Right now, Branch works like this: you can sign up through Twitter, then create a bookmark for the service and connect it to your email accounts (the second two steps are optional). You need a Twitter account to use Branch, though I assume that the revamped Facebook version will not have that requirement.
Once you sign in, Branch prompts you to start a conversation. You can type in a topic and then a statement, link, or other introduction to the discussion. Then people have 750 characters to respond. You can invite people into Branch by typing in their Twitter handle or sending them an email link.
I don’t know anyone who uses Branch so nobody responded to my conversation topic, which asked what other users thought about the Facebook purchase. And unless you share your Branch on Twitter, nobody can see it—there’s not a browsing function. So your questions just kind of hang in isolation unless you actively attempt to engage others.
Potluck, the second service launched by the Branch team, is centered on sharing news items in easily digestible tidbits. Both of these services will live on after the team starts work for Facebook, according to Miller. “Although the products we build will be reminiscent of Branch and Potluck, those services will live on outside of Facebook,” he wrote.
The version of Branch that currently exists outside of Facebook, however, is completely reliant on Twitter—and I can’t imagine that Facebook will allow a service it has acquired to continue such a tight integration with its largest competitor.
The Branch team may be well-served by this deal, since the original product was aesthetically appealing, but sort of seems like a less interesting, more insular version of Quora—and Stone’s social question app Jelly covers similar terrain, providing a place for people to ask and answer questions to their networks. I don’t think Branch would’ve been able to stand on its own, and now the team’s talents will be focused on a project with a built-in audience.

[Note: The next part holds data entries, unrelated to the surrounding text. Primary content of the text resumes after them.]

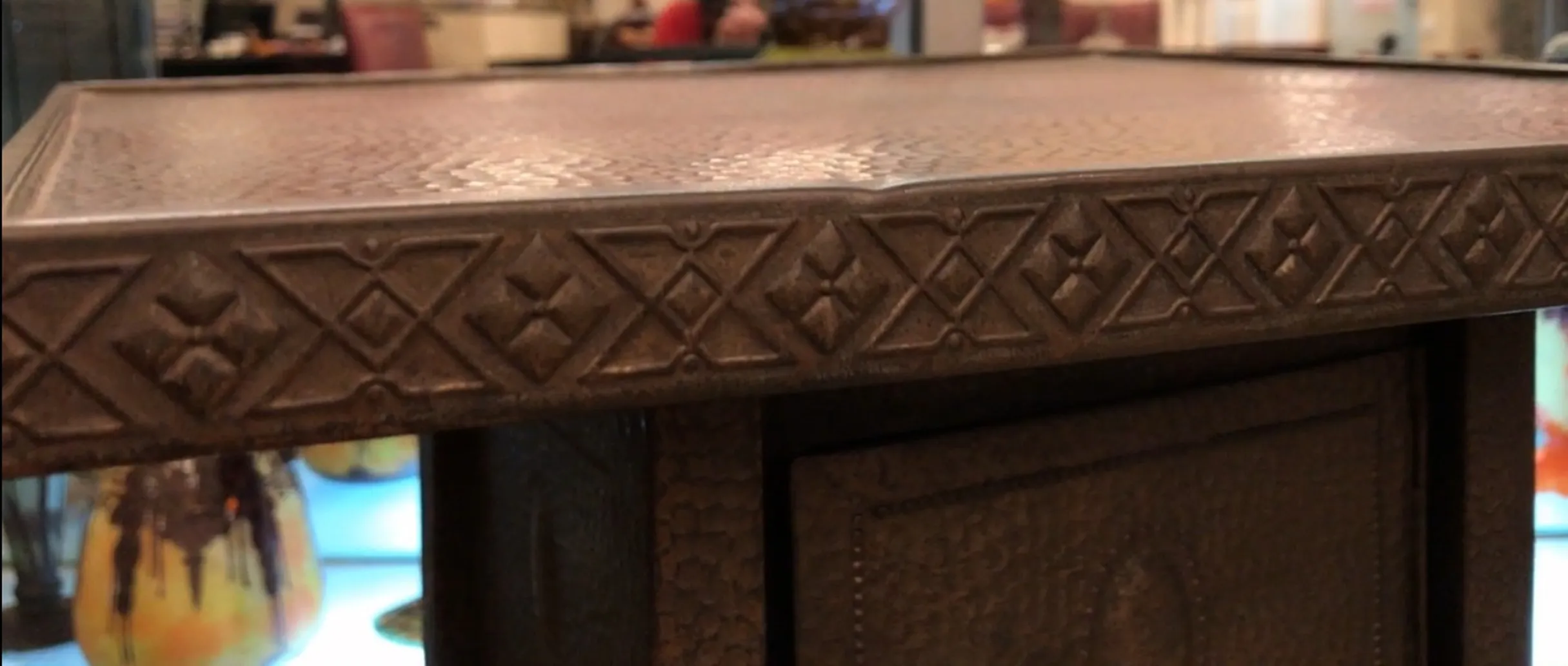 Mesinha antiga com detalhes decorativos no topo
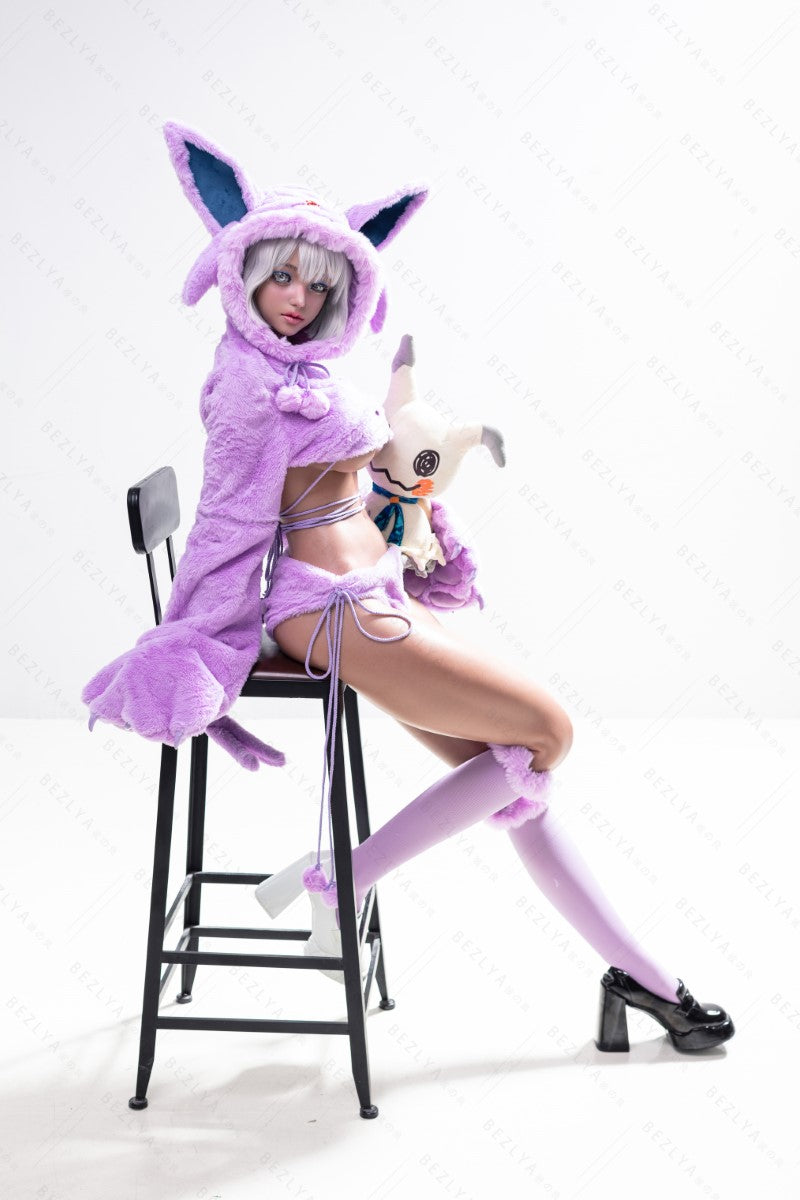 Campanula seksnukk (Bezlya Doll 155 cm E-tass 2,2CF silikoon)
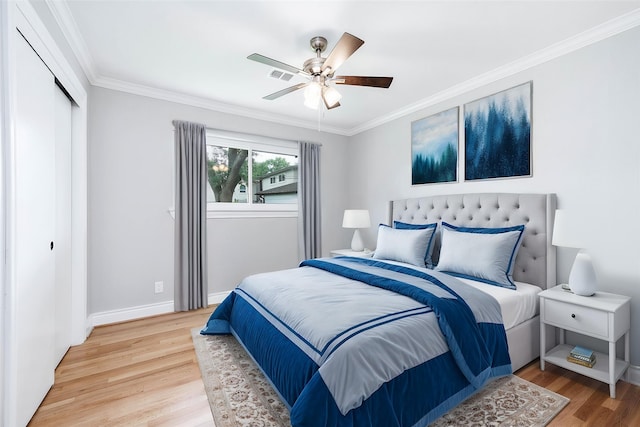 5807 Dumfries Dr, Houston, TX 77096 - bedroom with visible vents, crown molding, light wood-style flooring, and a closet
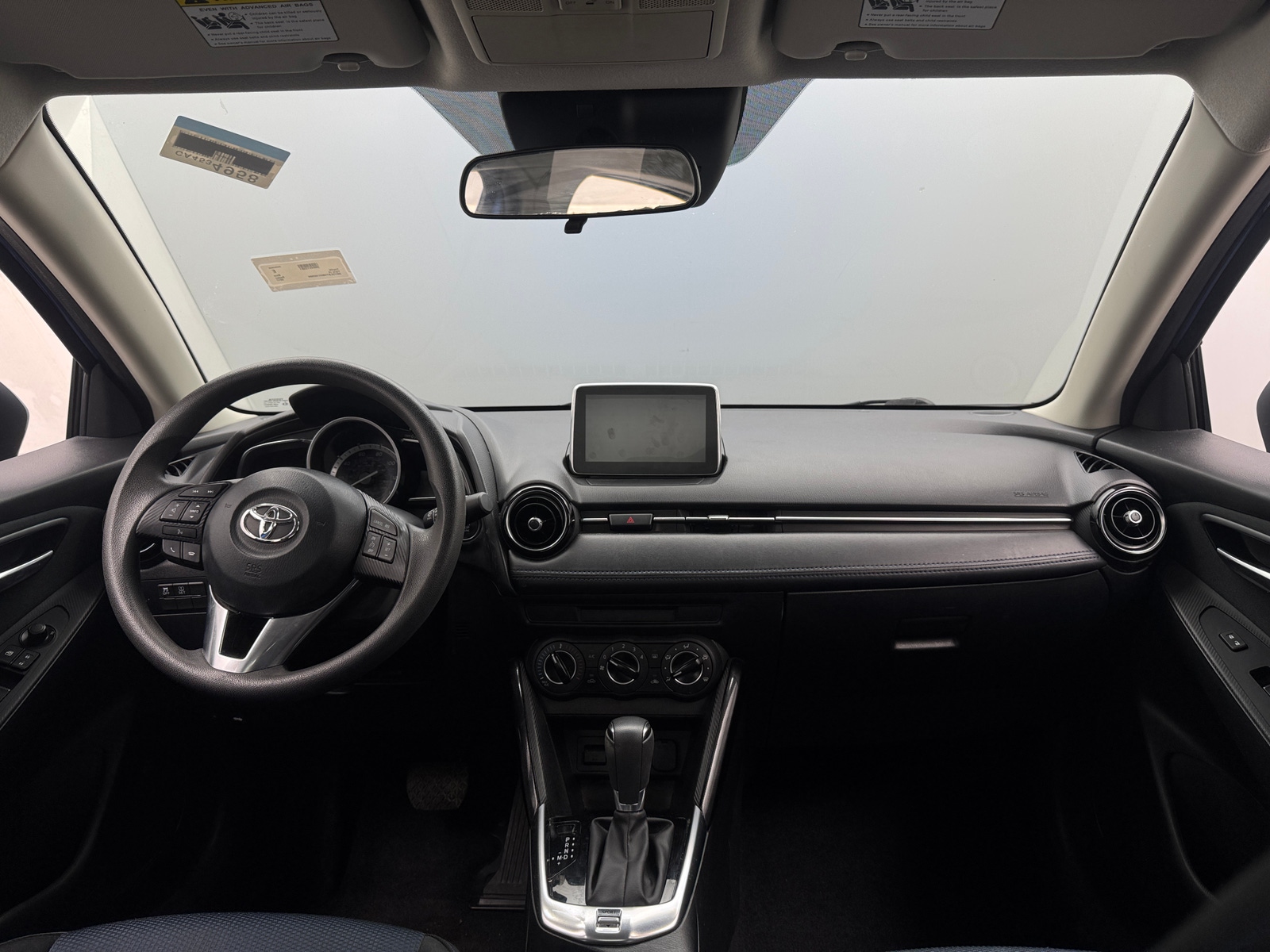 Thumbnail: 2017 Toyota Yaris iA - 3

[Sidenote: Jelly is, strangely enough, where news of Branch’s acquisition first broke; yesterday, when several people answered a question about what was going on with the app by saying it was purchased (they didn’t specifically mention Facebook, however.) This raises some suspicions for me—it’s weird that news of one of the Twitter gang’s pet projects was sold to rival Facebook would break on another of the Twitter gang’s pet projects, but there’s no evidence that the leak came from the Twitter crowd, so who knows.]

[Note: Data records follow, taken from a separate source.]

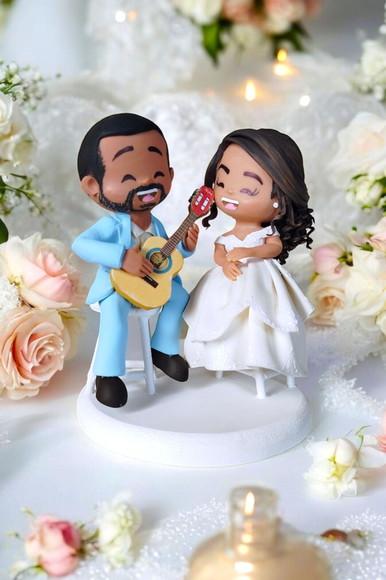 Topo de Bolo Casamento Noivinhos Cavaquinho
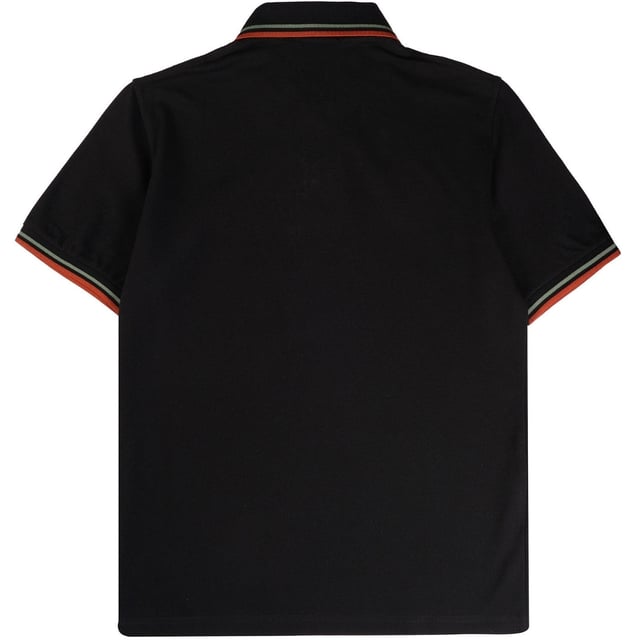 Fred Perry zwart poloshirt, patroon op de kraag, elastische manchetten, knoopsluiting in de nek, kraag met dubbele punt. 100% katoen, zwarte polo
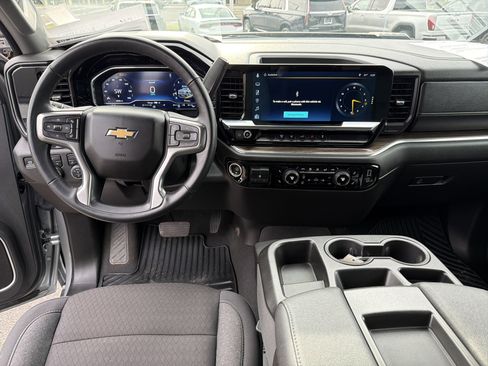 Used 2024 Chevrolet Silverado 3500 LT w/ Convenience Package image 12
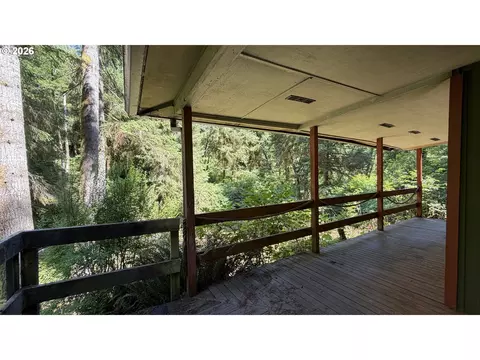 1799 N Doris Ln, Otis, OR 97368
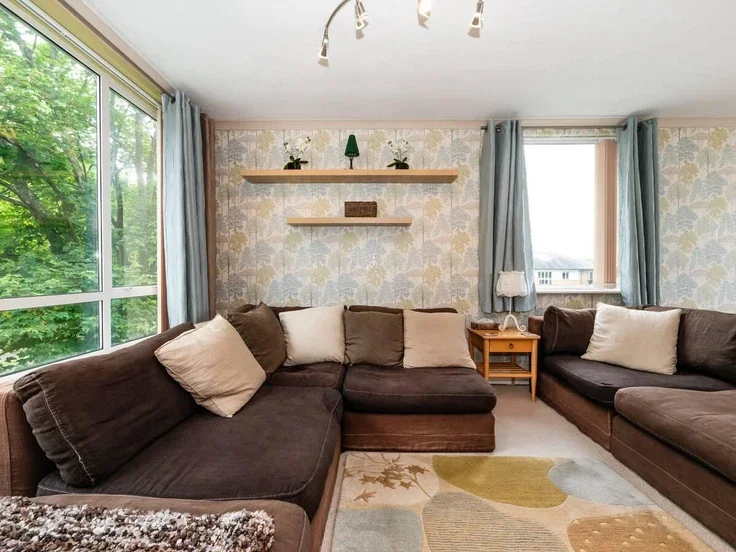 Flat Manor Road in Greater London
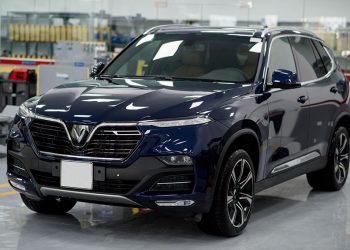 Vinfast triển khai chương trình “Trước bạ 0 đồng - Bảo hành 5 năm” cho dòng xe Lux - 2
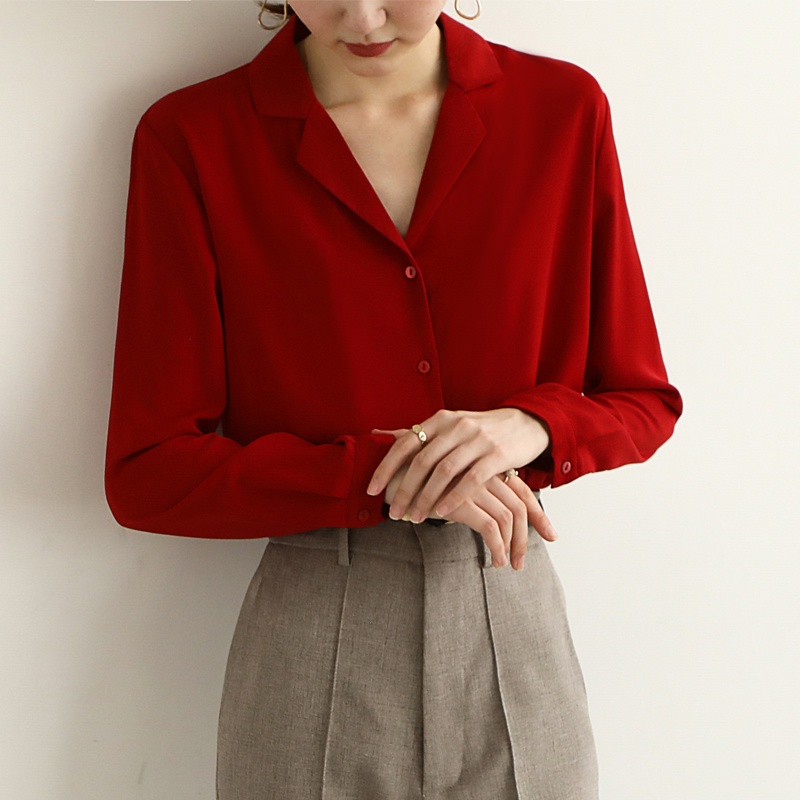 Áo Sơ Mi Nhung Satin Màu Trơn Tay Dài Cổ Vest Màu Lựu Đỏ Phong Cách Tối Giản Sang Trọng Cho Nữ Q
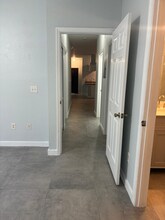 16253 Enclave Village Dr in Tampa, FL - Foto de edificio - Building Photo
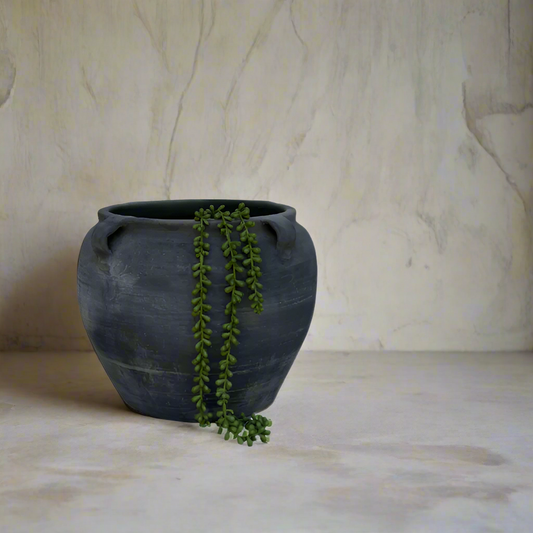 Vintage Dark Lug Pots - Design Vintage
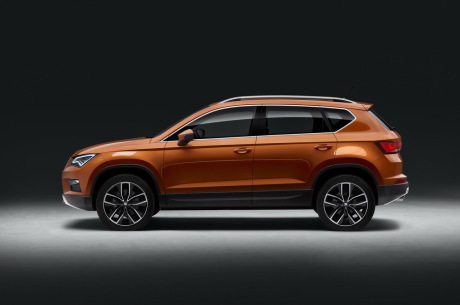 Seat Ateca 2016 vue de profil couleur orange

Branch could be an invaluable asset to Facebook if it helps de-suckify the News Feed, though nothing the Branch team has done so far has convinced me that this is a particularly wise purchase. It’s certainly an eyebrow-raising one, partly because of the Twitter background and partly because Miller hasn’t exactly been the biggest Facebook supporter in the past. He publicly criticized Zuckerberg’s FWD.org initiative last March, and once described the company that now owns his company as potentially having “an irreversibly bad brand.”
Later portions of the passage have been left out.